• [WORK ORDER]: The answer must consist solely of the lines from the line with "機(jī)械測(cè)量?jī)x器" to the final line of the data below, reproduced exactly, pictures omitted.

• [SUPPLIED MATERIAL]:
"""

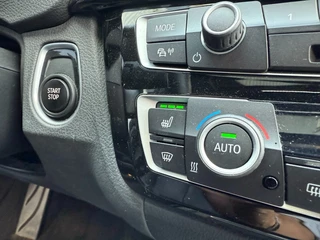 BMW 3 Serie BMW 3 Serie 330e M-Sport,Schuifdak,Leer,LED,Lane Ass.,NaviPro,Clima,Dealer OH - afbeelding nr 44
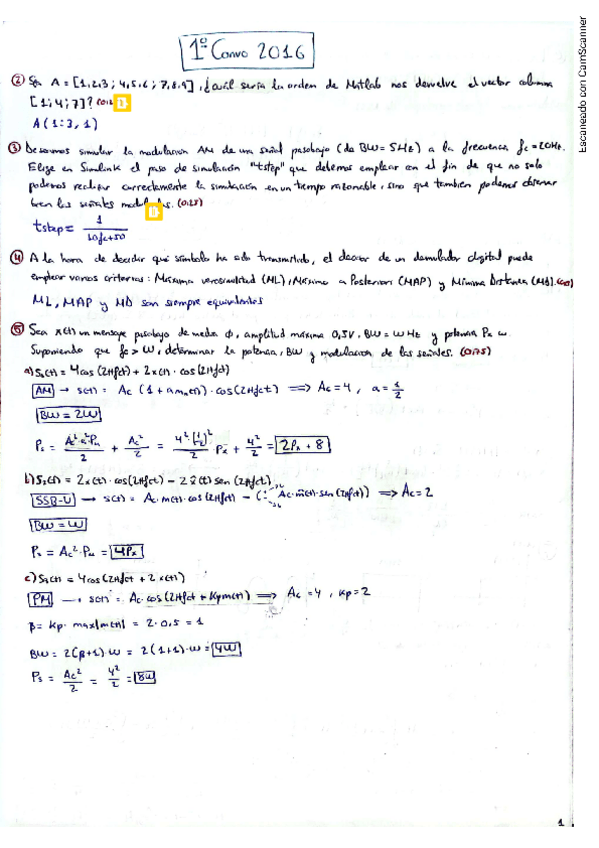 Miniatura del documento Primera-Convo-2016.pdf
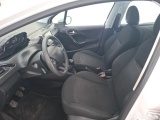  Peugeot  208  Affaire Premium Pack 1.6 HDi 100CV BVM5 E6 #8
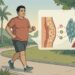 A diabetes não depende só do açúcar: o excesso de peso também influencia
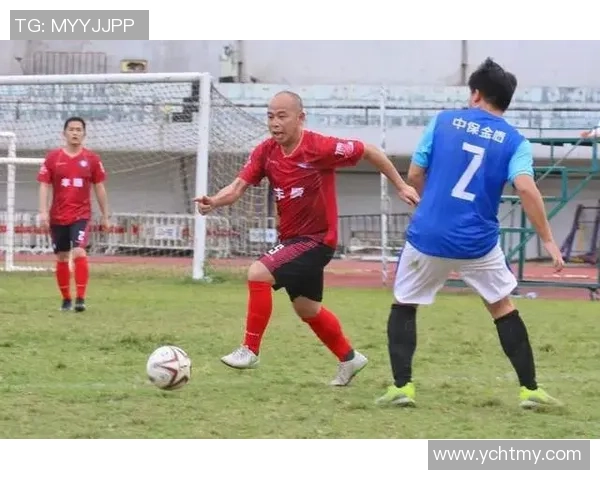 广东丰顺足球明星的崛起与发展历程探秘及其对地方足球的影响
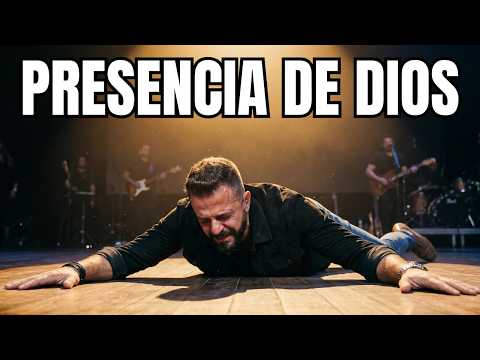 15 ALABANZAS que Quitan el Miedo y te Llenan de la Presencia de DIOS 🙏💖 | Música Cristiana 2026
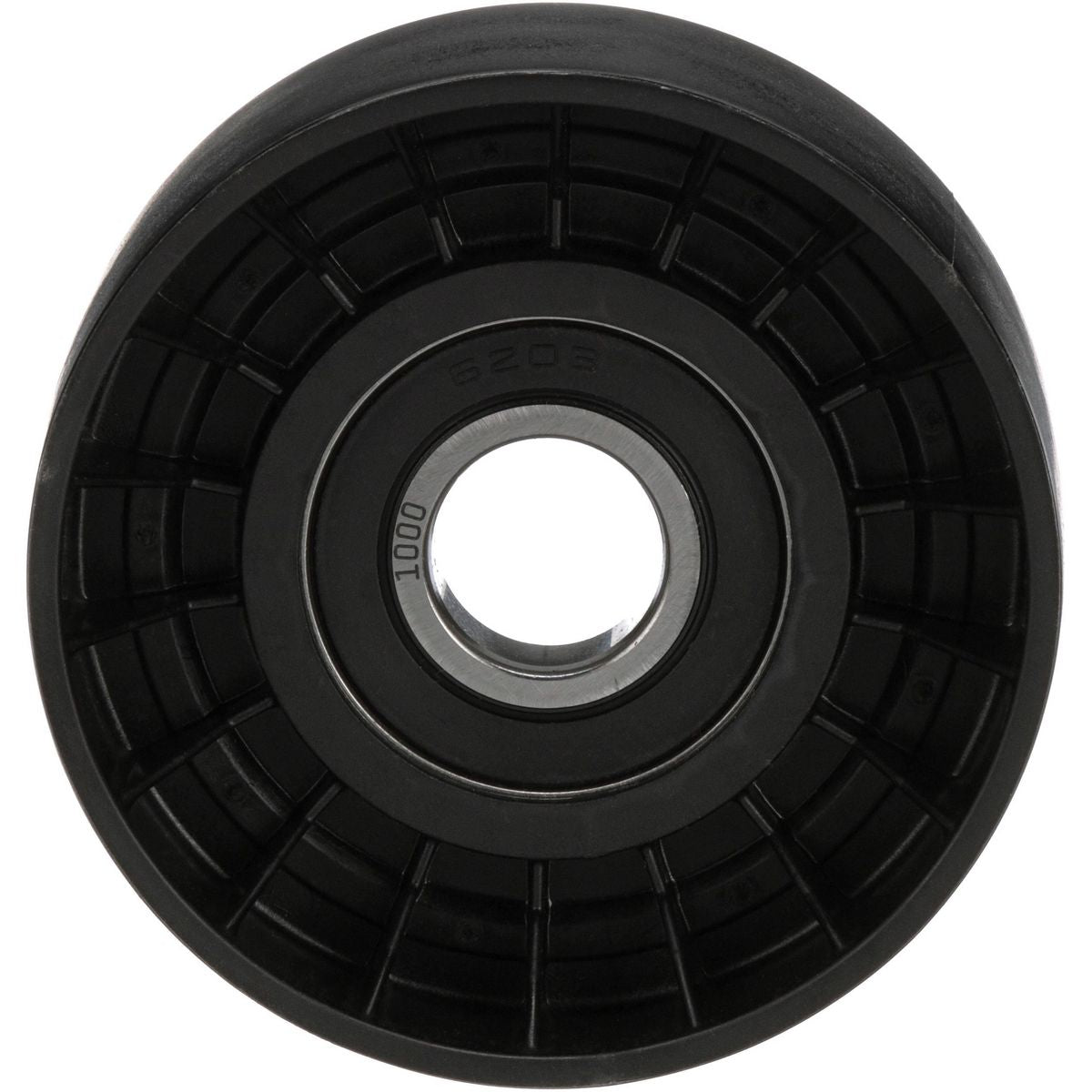 Gates Engine Idler Pulley 38023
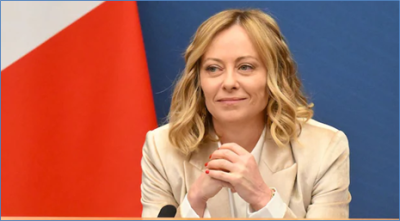 Settimana Politica n. 1/2026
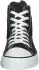 Converse Sneaker 'Chuck Taylor All Star' blau rot schwarz weiß 5848086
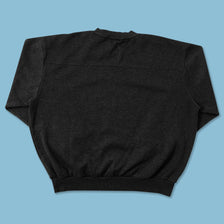 Umbro Sweater XLarge 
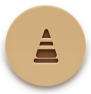 機(jī)械測(cè)量?jī)x器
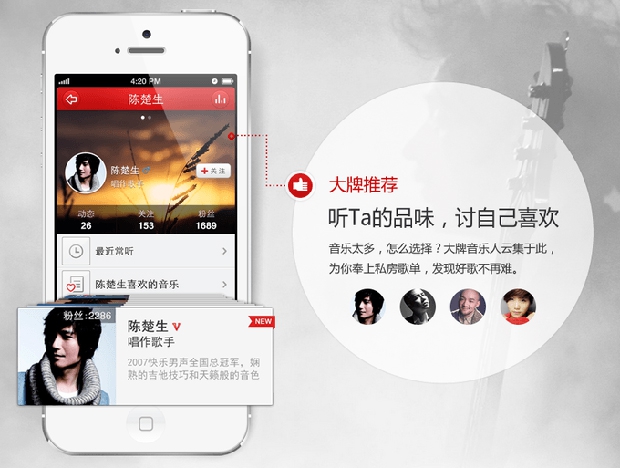 未成年破解版 安全且免费的年破解决方案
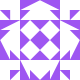 sheeno12 Avatar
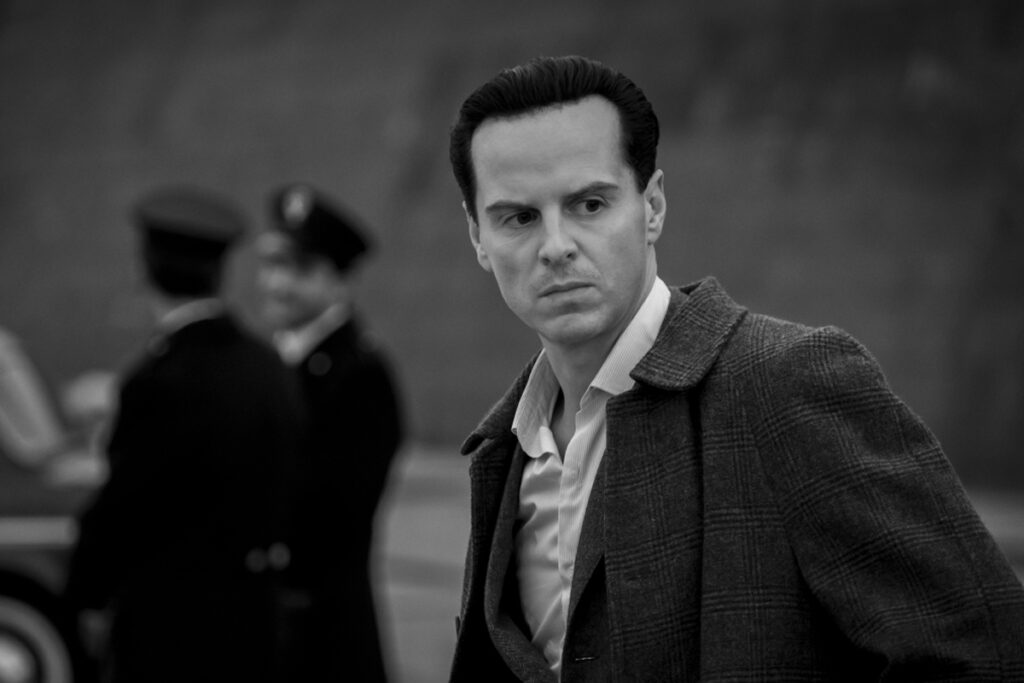 Confira dez lançamentos da Netflix em abril 1 Netflix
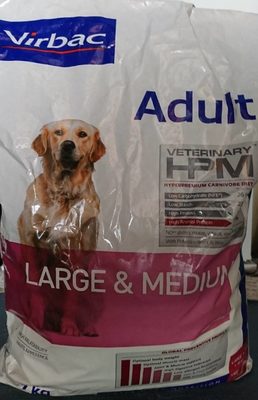 Product image for 11162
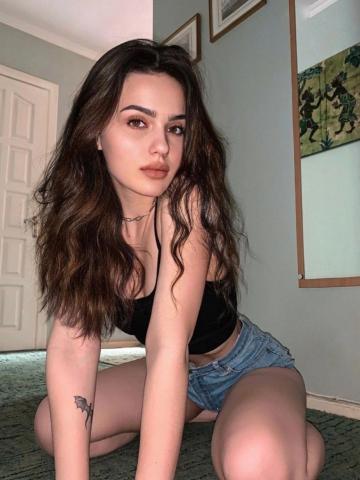 Мишель фото 5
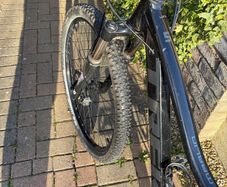 TREK Marlin 5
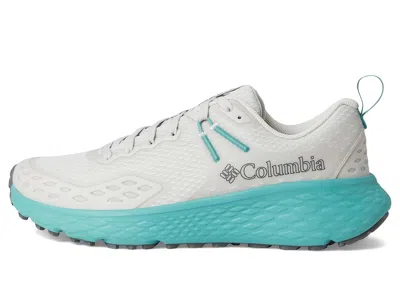 Columbia Konostm Trs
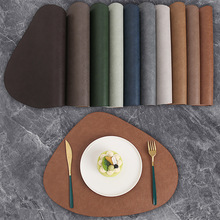 ���R�dˮ���β͉|ţƤ�y�p�����|���C����|���|ins�L���Q�;߉|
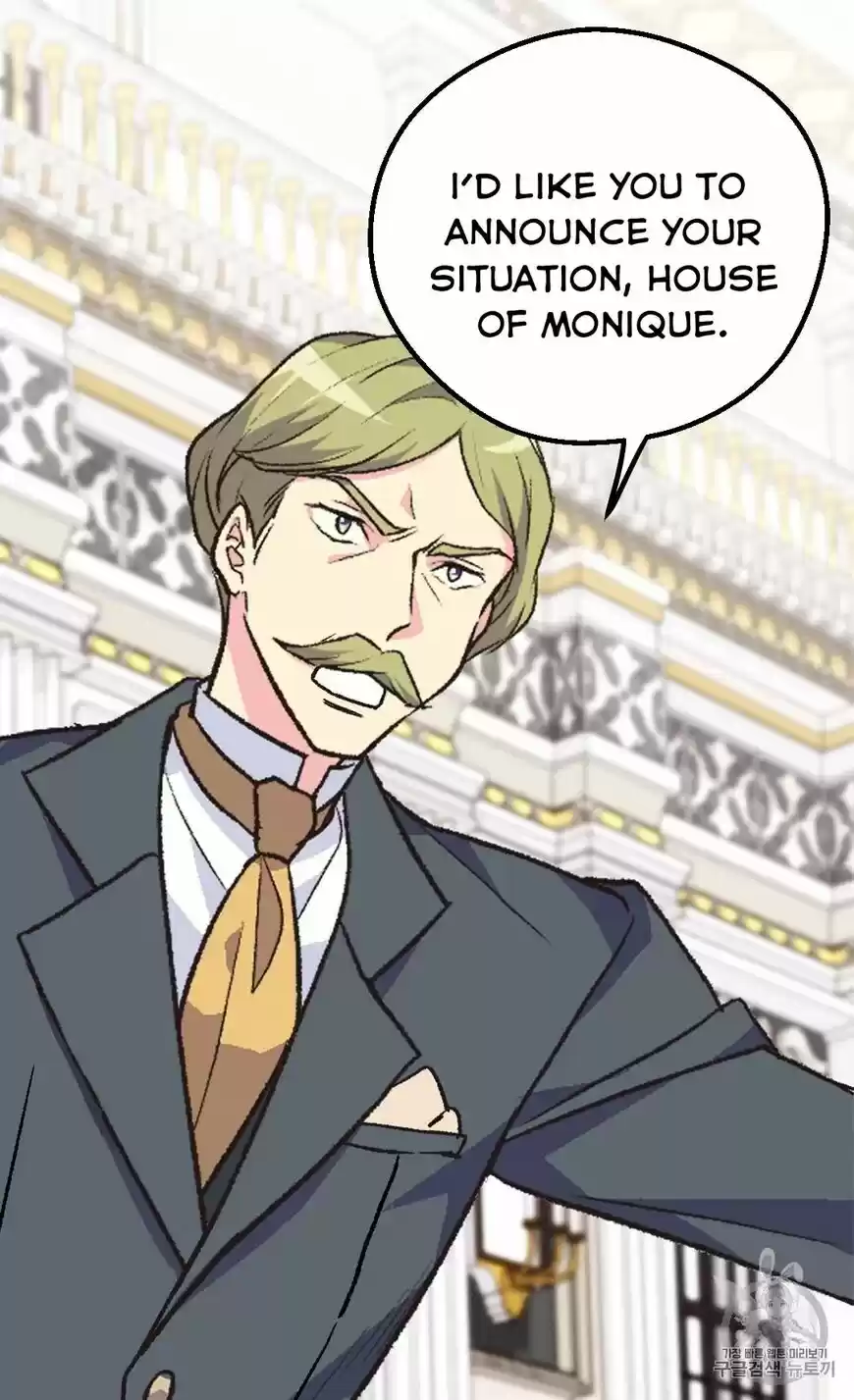 The Abandoned Empress ch.126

"""

• [REPLY]:
 機(jī)械測(cè)量?jī)x器
 未成年破解版 安全且免费的年破解决方案
 sheeno12 Avatar
 Confira dez lançamentos da Netflix em abril 1 Netflix
 Product image for 11162
 Мишель фото 5
 TREK Marlin 5
 Columbia Konostm Trs
 ���R�dˮ���β͉|ţƤ�y�p�����|���C����|���|ins�L���Q�;߉|
 The Abandoned Empress ch.126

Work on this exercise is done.